* **Assigned task**
Take the lines in the listing below from the line with "Чехол для карт" up to and including the line with "garagem, Cristiano Ronaldo" and set them down exactly, skipping pictures and adding nothing.

* **Extracted data**
Content starts
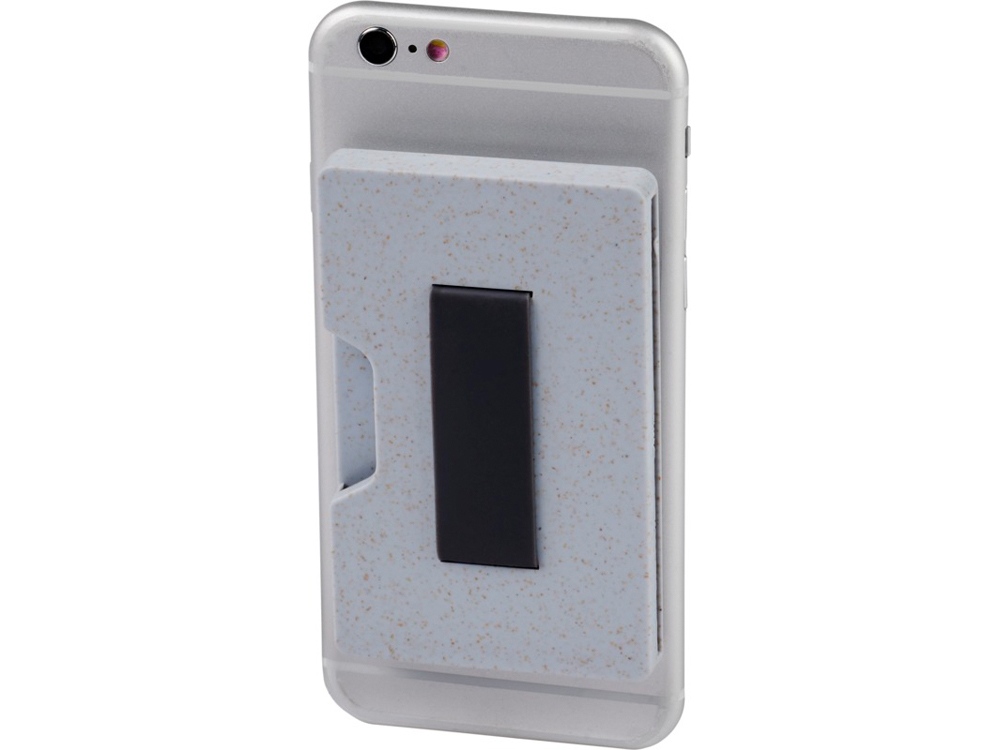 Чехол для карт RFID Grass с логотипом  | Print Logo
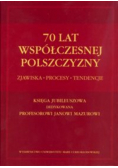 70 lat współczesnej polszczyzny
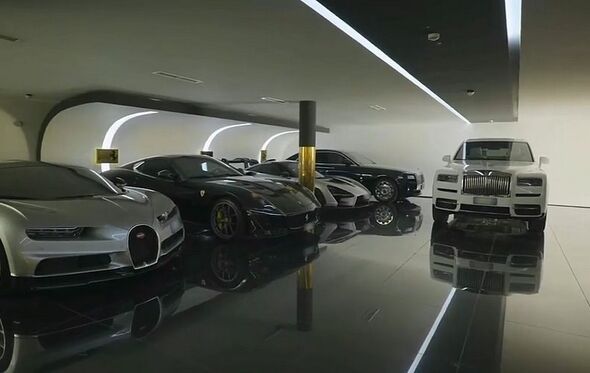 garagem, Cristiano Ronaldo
Content ends
Content starts
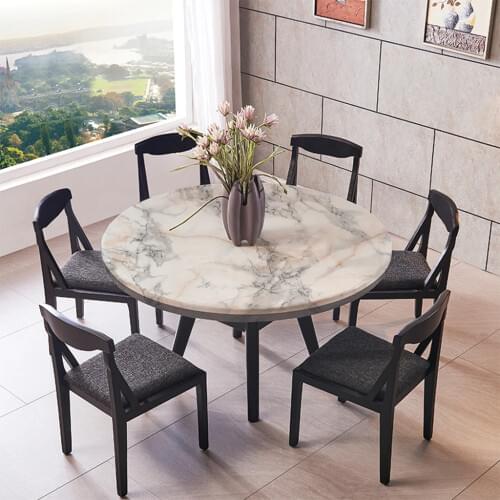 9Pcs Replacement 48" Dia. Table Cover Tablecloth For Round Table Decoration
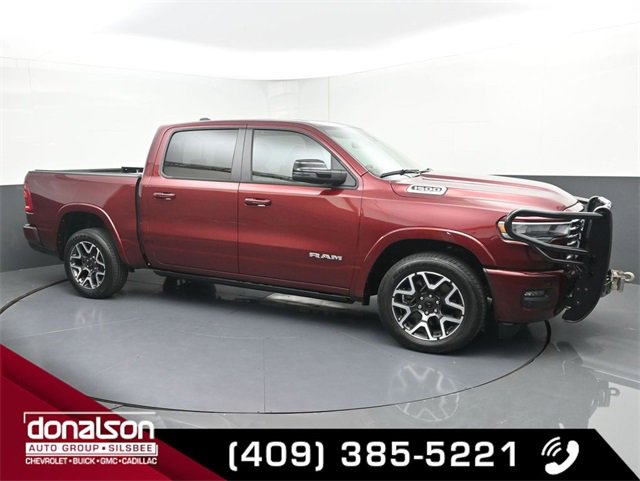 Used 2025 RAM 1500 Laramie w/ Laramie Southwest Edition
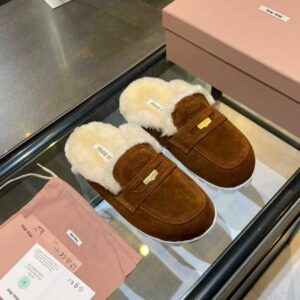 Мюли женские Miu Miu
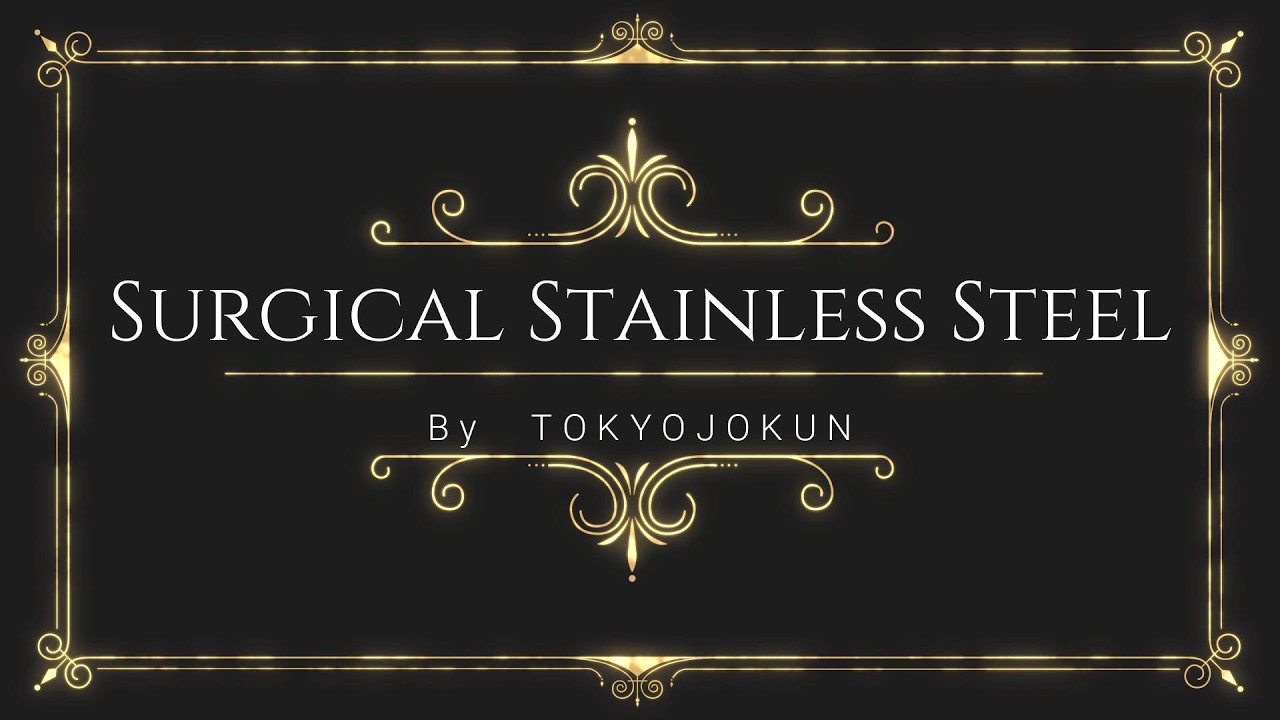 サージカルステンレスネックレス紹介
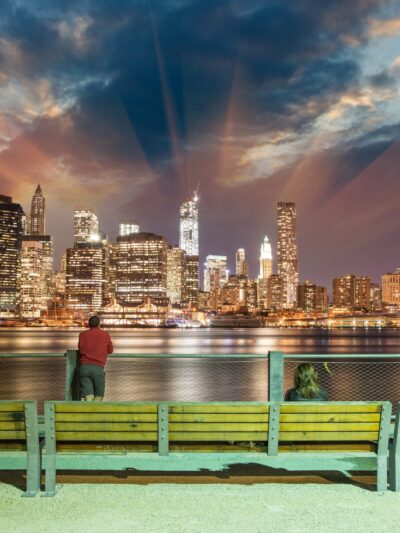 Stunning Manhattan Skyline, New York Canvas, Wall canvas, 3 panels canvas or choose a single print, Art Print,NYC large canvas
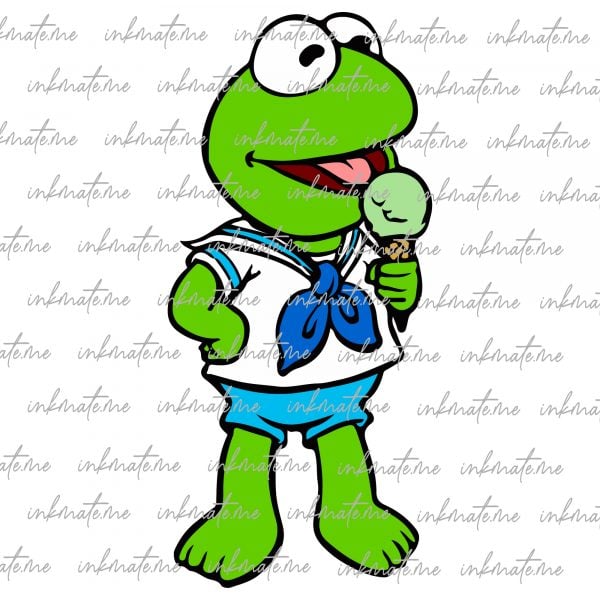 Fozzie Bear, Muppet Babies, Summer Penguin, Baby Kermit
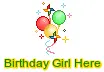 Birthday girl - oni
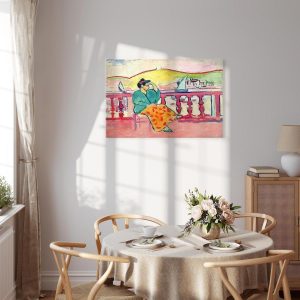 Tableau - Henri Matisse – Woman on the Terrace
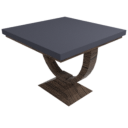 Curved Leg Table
Content ends
* **Task response**
 Чехол для карт RFID Grass с логотипом  | Print Logo
 70 lat współczesnej polszczyzny
 garagem, Cristiano Ronaldo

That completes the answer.